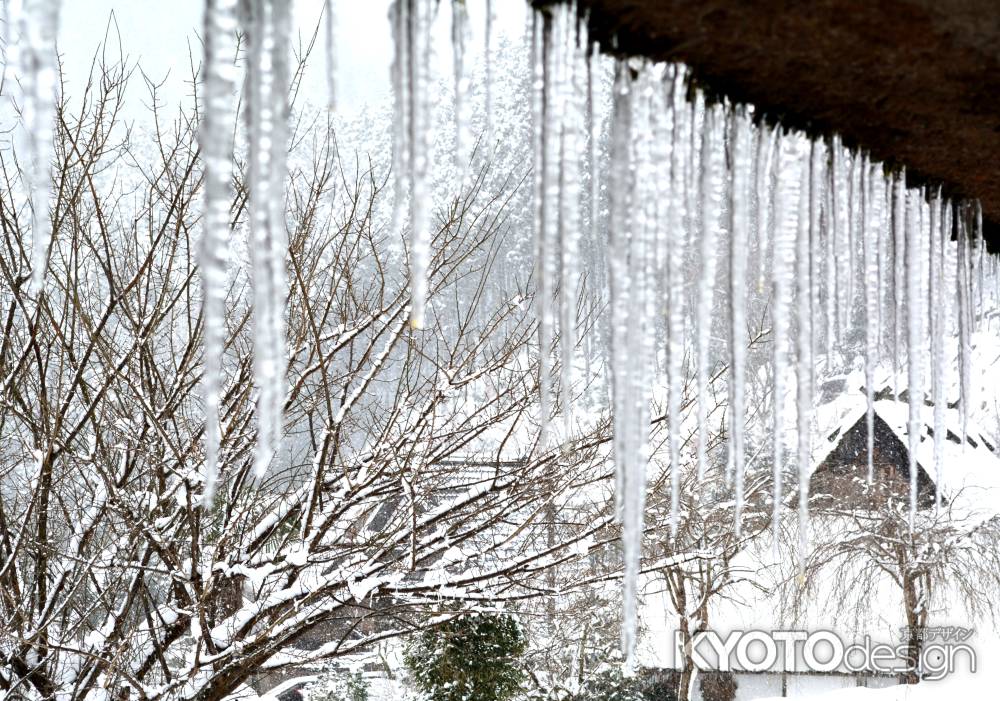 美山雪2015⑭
──────
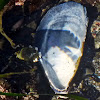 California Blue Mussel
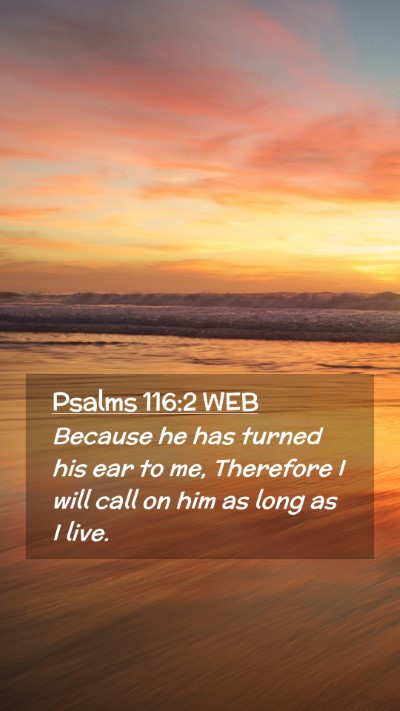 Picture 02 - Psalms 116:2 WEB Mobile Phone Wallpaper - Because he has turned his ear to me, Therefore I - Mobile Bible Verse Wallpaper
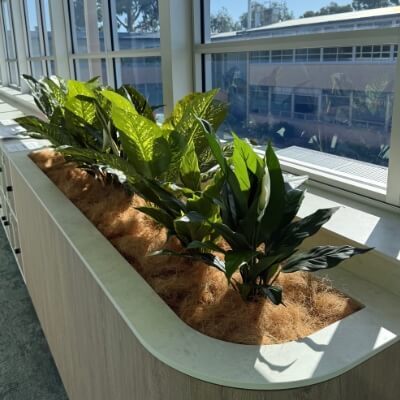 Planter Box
──────
## PROBLEM TO SOLVE
Write back word for word every line in the entries above from the one with "Picture 02 - Psalms" to the one with "Planter Box", ends included, and none of the pictures.

## ANSWER SECTION
 Picture 02 - Psalms 116:2 WEB Mobile Phone Wallpaper - Because he has turned his ear to me, Therefore I - Mobile Bible Verse Wallpaper
 Planter Box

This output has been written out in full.